- Work to be completed
Using the records below, write out only the lines from the line containing "Crossbody Bags for" up to and including the line containing "img20080815d.jpg", exactly, with no pictures.

- Data for this exercise
++++++++++++++++++++

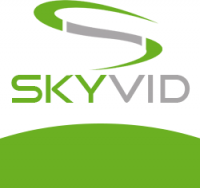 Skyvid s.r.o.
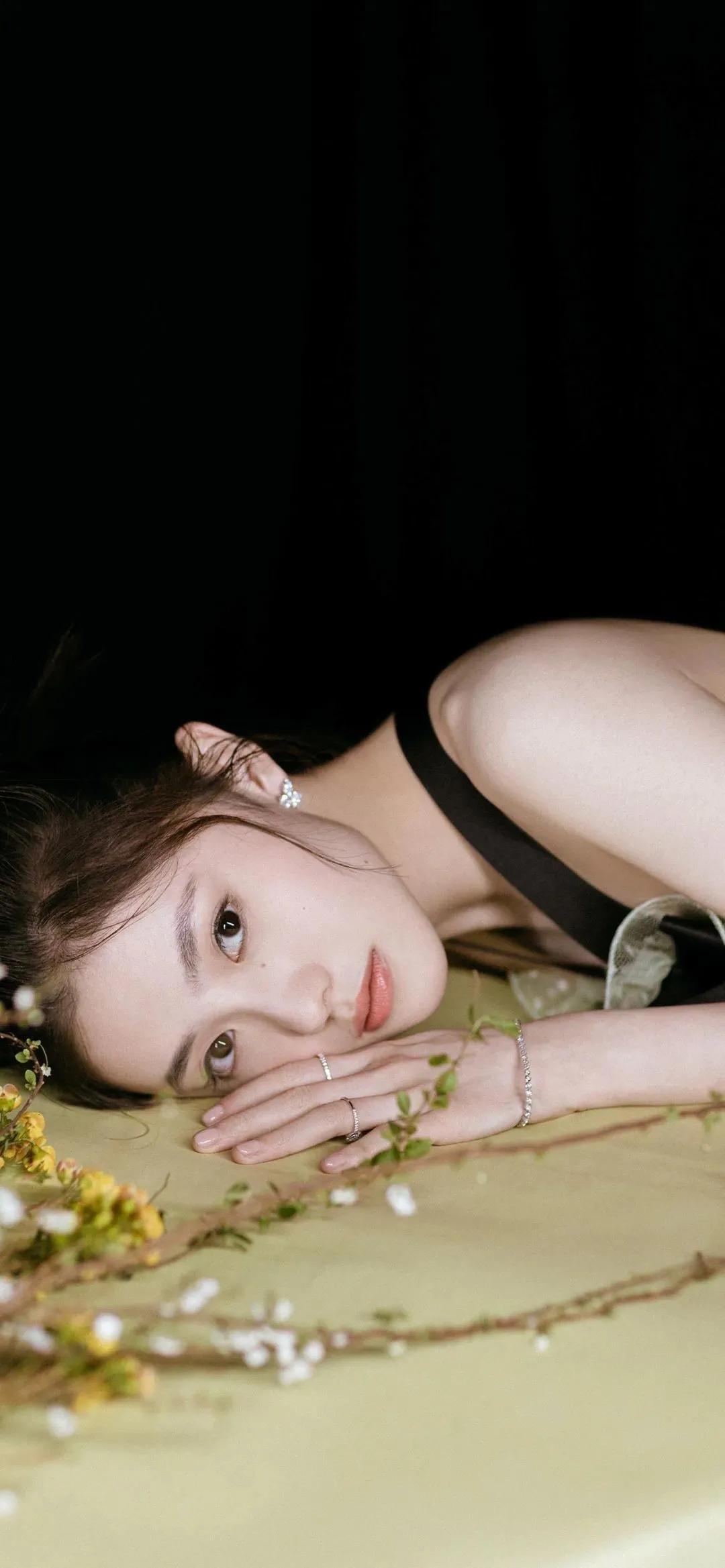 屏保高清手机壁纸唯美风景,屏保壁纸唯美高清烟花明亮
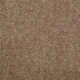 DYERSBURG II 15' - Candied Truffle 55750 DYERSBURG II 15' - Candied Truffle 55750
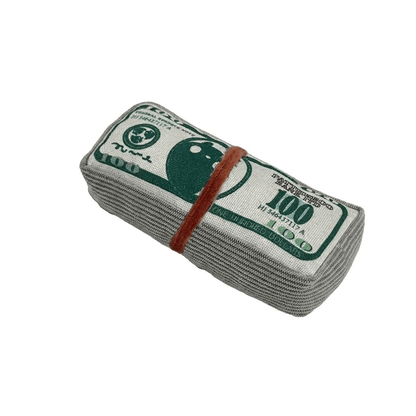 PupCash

++++++++++++++++++++

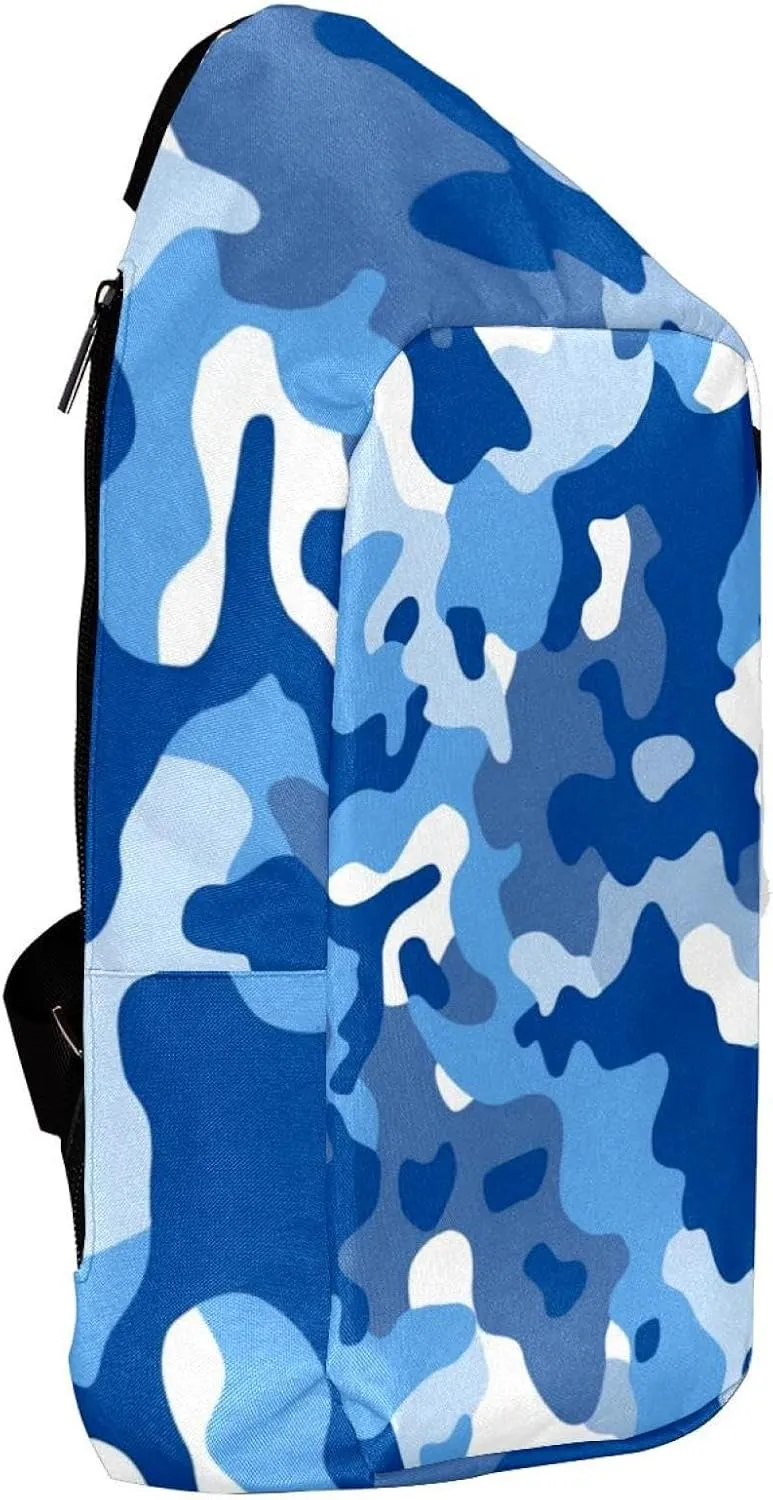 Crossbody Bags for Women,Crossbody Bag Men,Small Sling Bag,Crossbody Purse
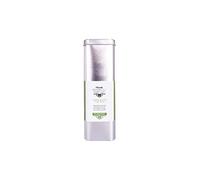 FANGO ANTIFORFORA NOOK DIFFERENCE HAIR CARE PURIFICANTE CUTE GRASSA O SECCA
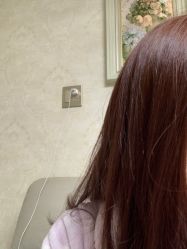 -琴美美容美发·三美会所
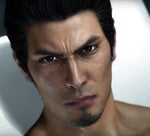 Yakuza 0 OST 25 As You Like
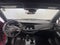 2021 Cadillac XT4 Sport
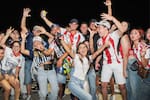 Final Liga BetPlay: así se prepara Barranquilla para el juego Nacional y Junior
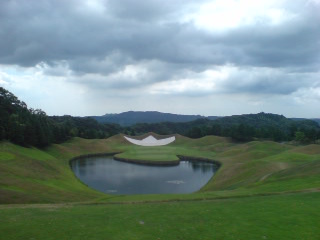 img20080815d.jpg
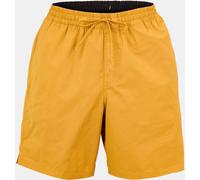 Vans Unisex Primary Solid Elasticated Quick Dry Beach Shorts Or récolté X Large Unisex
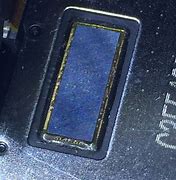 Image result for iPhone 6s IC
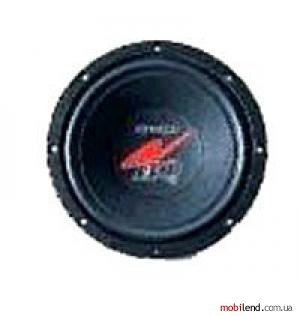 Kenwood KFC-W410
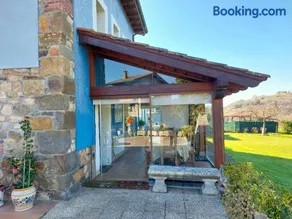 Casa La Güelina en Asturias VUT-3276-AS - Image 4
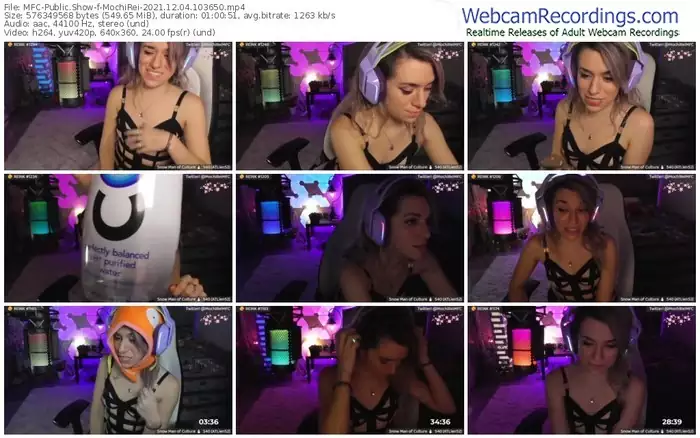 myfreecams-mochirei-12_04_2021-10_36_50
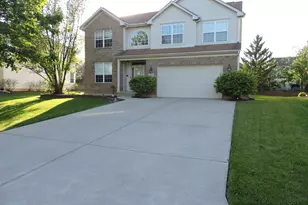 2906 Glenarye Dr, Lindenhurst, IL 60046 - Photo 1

++++++++++++++++++++

- Exercise answer
 Crossbody Bags for Women,Crossbody Bag Men,Small Sling Bag,Crossbody Purse
 FANGO ANTIFORFORA NOOK DIFFERENCE HAIR CARE PURIFICANTE CUTE GRASSA O SECCA
 -琴美美容美发·三美会所
 Yakuza 0 OST 25 As You Like
 2021 Cadillac XT4 Sport
 Final Liga BetPlay: así se prepara Barranquilla para el juego Nacional y Junior
 img20080815d.jpg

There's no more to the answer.